The US-based watchdog receives an overwhelming amount of its funding through US government grants with several other Western countries contributing on a smaller scale, according to the latest financial statements posted on the body's website.
Serbia, Montenegro downgraded
The report also downgraded Serbia, controlled by former ultra-nationalist Aleksandar Vucic, and Montenegro under long-ruling strongman Milo Djukanovic.
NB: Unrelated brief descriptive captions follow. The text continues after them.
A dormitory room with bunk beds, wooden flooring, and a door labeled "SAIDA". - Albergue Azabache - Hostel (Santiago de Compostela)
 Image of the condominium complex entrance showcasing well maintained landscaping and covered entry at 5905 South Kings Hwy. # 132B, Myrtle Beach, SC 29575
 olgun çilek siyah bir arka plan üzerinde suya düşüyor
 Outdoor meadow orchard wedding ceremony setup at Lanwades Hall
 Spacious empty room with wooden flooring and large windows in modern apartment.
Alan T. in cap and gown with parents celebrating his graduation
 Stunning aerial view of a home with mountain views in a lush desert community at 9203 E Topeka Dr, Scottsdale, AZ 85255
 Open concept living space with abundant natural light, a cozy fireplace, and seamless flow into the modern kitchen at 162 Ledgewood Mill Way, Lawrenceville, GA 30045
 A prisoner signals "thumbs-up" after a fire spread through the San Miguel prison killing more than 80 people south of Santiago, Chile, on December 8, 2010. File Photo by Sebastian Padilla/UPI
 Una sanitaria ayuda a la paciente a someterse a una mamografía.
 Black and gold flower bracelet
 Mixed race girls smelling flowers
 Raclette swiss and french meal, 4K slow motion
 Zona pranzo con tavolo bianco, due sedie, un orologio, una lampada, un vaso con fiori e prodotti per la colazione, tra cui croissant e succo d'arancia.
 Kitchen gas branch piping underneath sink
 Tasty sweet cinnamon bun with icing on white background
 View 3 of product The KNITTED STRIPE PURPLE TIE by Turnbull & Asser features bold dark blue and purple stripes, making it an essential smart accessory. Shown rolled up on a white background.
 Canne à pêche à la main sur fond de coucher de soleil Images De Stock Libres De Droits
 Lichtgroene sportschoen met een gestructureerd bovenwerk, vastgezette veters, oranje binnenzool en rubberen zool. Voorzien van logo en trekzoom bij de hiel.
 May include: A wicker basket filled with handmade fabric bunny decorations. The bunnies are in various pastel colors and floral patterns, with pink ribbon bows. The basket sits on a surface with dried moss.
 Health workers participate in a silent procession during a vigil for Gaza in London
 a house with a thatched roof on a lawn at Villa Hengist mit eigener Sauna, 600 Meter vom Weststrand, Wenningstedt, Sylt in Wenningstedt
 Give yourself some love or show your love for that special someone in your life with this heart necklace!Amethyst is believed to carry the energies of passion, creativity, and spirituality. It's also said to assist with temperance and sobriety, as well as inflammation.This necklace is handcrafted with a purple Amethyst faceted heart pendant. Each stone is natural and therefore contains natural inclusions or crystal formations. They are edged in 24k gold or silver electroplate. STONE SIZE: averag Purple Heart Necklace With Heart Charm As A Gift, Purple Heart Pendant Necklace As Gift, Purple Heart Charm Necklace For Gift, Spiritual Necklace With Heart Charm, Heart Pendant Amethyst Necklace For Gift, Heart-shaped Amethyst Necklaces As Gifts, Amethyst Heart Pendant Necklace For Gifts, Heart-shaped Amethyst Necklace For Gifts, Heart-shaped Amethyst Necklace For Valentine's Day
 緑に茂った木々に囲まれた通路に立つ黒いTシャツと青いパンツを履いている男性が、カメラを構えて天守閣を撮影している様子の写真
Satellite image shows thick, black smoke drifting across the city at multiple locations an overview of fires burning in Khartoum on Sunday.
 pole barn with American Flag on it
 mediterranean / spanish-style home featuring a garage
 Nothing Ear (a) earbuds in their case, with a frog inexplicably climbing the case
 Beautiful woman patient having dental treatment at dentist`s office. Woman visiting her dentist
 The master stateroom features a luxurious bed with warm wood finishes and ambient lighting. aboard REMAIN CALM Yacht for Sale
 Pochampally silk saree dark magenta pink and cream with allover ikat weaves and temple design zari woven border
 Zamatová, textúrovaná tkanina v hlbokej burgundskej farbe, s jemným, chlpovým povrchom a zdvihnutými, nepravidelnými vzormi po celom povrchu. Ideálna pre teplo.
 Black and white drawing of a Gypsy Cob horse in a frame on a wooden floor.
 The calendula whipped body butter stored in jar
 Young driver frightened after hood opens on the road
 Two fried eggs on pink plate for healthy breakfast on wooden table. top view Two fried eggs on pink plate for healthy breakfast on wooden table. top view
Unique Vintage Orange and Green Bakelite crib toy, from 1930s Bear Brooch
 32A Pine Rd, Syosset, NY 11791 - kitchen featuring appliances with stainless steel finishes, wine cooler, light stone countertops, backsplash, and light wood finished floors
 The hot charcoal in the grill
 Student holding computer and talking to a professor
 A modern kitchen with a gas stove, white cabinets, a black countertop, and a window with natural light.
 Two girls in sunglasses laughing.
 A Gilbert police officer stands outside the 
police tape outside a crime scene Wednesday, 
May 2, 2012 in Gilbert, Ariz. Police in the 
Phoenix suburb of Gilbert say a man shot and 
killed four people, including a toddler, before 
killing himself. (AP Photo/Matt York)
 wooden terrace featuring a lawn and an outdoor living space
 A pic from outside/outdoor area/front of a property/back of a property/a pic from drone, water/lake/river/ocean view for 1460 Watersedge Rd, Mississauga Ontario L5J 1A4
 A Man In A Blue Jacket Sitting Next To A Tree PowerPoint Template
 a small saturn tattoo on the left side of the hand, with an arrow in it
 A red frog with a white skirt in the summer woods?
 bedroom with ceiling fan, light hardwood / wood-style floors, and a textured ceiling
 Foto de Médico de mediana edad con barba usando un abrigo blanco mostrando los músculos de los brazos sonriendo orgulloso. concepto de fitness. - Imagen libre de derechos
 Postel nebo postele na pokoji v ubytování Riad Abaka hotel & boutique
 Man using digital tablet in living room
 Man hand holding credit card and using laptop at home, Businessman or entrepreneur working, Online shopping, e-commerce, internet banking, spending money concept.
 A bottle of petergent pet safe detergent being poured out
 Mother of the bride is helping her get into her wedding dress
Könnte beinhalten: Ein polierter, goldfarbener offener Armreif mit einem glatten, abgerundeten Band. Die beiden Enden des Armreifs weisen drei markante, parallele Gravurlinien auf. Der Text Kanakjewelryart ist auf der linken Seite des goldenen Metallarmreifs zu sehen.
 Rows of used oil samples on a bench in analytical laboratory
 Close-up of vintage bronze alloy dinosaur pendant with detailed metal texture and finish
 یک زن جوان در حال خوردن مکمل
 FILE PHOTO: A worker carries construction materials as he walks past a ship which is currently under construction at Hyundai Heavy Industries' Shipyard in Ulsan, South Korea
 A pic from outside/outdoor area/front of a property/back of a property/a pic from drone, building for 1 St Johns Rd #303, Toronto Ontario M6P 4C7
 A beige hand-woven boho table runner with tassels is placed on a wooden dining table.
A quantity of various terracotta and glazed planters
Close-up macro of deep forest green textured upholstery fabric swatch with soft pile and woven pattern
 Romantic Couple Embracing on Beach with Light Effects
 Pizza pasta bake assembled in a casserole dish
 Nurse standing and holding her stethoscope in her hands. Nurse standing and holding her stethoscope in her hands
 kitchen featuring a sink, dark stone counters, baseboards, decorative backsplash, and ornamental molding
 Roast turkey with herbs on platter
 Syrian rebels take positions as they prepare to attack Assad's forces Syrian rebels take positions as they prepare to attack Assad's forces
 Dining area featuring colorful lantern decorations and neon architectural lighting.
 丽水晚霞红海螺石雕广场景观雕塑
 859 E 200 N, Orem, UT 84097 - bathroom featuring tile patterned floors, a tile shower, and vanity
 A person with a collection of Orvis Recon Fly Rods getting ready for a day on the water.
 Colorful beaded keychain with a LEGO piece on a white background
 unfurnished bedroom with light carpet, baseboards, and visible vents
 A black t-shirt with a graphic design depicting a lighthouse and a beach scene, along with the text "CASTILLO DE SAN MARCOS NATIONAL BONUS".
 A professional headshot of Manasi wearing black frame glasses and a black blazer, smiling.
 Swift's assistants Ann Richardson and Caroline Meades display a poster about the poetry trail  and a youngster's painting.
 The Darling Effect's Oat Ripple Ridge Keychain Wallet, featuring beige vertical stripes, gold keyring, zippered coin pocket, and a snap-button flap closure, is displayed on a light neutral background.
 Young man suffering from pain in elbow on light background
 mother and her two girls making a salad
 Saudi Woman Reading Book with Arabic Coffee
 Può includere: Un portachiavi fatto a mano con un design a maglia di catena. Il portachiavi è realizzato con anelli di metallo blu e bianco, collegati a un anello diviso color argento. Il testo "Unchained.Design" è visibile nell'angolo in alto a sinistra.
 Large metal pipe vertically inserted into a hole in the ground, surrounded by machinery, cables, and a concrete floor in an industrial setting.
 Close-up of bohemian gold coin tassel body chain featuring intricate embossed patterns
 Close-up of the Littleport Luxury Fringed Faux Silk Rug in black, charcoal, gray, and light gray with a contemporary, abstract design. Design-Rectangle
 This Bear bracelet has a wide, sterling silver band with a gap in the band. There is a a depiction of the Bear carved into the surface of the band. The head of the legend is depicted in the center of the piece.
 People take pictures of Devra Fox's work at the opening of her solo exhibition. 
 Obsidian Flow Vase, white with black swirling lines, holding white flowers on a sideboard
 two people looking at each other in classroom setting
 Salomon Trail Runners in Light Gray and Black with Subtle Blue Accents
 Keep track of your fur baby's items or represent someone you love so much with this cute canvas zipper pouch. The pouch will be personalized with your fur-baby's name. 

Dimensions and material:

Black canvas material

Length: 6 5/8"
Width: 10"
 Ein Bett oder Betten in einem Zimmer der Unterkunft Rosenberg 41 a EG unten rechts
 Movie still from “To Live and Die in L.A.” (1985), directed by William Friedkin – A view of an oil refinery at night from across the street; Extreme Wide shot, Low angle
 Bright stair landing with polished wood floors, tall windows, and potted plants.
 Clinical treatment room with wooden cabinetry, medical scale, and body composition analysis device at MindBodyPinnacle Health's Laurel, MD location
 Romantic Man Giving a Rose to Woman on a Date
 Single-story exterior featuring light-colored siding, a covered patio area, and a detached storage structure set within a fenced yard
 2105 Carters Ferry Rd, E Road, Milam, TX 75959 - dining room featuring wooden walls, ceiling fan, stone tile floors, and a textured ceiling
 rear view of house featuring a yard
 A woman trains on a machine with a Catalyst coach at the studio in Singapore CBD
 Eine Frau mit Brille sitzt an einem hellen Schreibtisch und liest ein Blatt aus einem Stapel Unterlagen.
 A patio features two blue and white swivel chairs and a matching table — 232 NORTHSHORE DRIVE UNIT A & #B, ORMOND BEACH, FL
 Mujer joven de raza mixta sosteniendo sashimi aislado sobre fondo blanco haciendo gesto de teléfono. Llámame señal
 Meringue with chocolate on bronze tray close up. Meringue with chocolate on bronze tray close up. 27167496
Both of these countries aspire to join the European Union.
Freedom House reported that "years of increasing state capture, abuse of power, and strongman tactics employed by Aleksandar Vucic in Serbia and Milo Djukanovic in Montenegro have tipped those countries over the edge" into hybrid regimes.
The group also decried a "frontal assault" Poland's judiciary, saying that the ruling PiS party had violated the country's constitution, rigged the appointment process for judges, set up a partisan disciplinary system for them, and then started punishing individual judges opposing such moves.
"Leaks from August 2019 exposed the involvement of the [Polish] Ministry of Justice in a coordinated online harassment campaign, leaving no doubt about the ruling party's willingness to persecute any and all critical judges," they said.
Read more: Report on democracy setbacks singles out US, India
Warning against China
In their recommendations, the group called for EU funding to be attached to respecting values such as rule of law and free press.
"Given the EU's lack of success to date in addressing autocratization in Hungary and Poland, member states should adopt a simple and uniformly applicable method for making EU funding conditional on respect for democratic values," Freedom House said.
The group also called on policymakers to "work to limit China's corrosive influence" in the former Socialist countries.
Independent media and activists should "urge their governments to resist the temptation of adopting the sorts of censorship and surveillance methods pioneered by the Chinese Communist party."